In a terminal, navigate to the directory where you downloaded the code:
$ cd Desktop/opencv-machine-learning
Before we create a new conda environment, we want to make sure we added the Conda- Forge channel to our list of trusted conda channels:
$ conda config --add channels conda-forge
The Conda-Forge channel is led by an open-source community that provides a wide variety of code recipes and software packages (for more info, see https://conda-forge.github.io). Specifically, it provides an OpenCV package for 64-bit Windows, which will simplify the remaining steps of the installation.
Then run the following command to create a conda environment based on Python 3.5, which will also install all the necessary packages listed in the file requirements.txt in one fell swoop:
$ conda create -n Python3 python=3.5 --file requirements.txt
To activate the environment, type one of the following, depending on your platform:
$ source activate Python3 # on Linux / Mac OS X
$ activate Python3 # on Windows
Once we close the terminal, the session will be deactivated—so we will have to run this last command again the next time we open a terminal.
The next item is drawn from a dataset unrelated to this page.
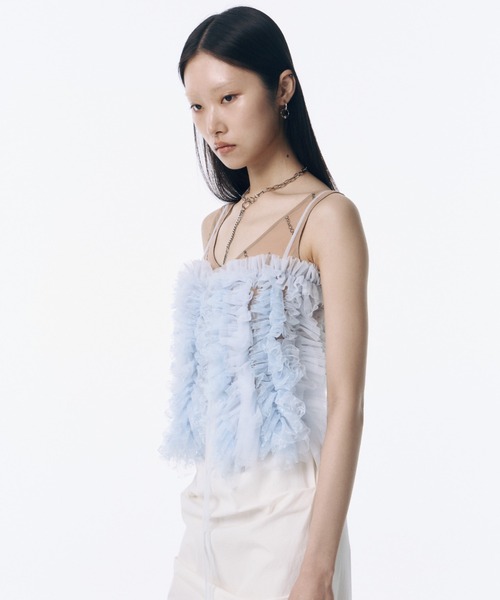 JOSE MOON（ジョゼムーン）の「LACE TULE CAMI/レースチュールキャミ（キャミソール・レディース・サックスブルー/ミント/ピンク/ブラック・FREE）」の7枚目の写真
We can also deactivate the environment by hand:
$ source deactivate # on Linux / Mac OS X
$ deactivate # on Windows
And done!
It’s a good idea to double-check your installation. While our terminal is still open, we fire up IPython, which is an interactive shell to run Python commands:
$ ipython
Now make sure that you are running (at least) Python 3.5 and not Python 2.7. You might see the version number displayed in IPython's welcome message. If not, you can run the following commands:
In [1]:
import sys
print(sys.version)
Now try to import OpenCV:
In [2]:
import cv2
You should get no error messages. Then try to find out the version number:
In [3]:
cv2.__version__
Out[3]:
Make sure that the Python version reads 3.5 or 3.6, but not 2.7. Additionally, make sure that OpenCV's version number reads at least 3.1.0; otherwise, you will not be able to use some OpenCV functionality later on.
You can then exit the IPython shell by typing exit - or hitting Ctrl + D and confirming that you want to quit.
Alternatively, you can run the code in a web browser thanks to Jupyter Notebook. If you have never heard of Jupyter Notebooks or played with them before, trust me - you will love them! If you followed the directions as mentioned earlier and installed the Python Anaconda stack, Jupyter is already installed and ready to go. In a terminal, type as follows:
$ jupyter notebook
This will automatically open a browser window, showing a list of files in the current directory. Click on the opencv-machine-learning folder, then on the notebooks folder, and voila! Here you will find all the code for this book, ready for you to be explored.
Check out pages 20 and 21 in the book to find helpful tips about how to navigate a Jupyter Notebook!
In [4]:
dir(cv2.ml)
Out[4]:
If you have installed an older version of OpenCV, the ml module might
not be present. For example, the $k$-nearest neighbor algorithm (which we
will talk about in Chapter 3, First Steps in Supervised Learning) used to be
called cv2.KNearest but is now called cv2.ml.KNearest_create.
In order to avoid confusion throughout the book, I therefore recommend using at least OpenCV 3.1.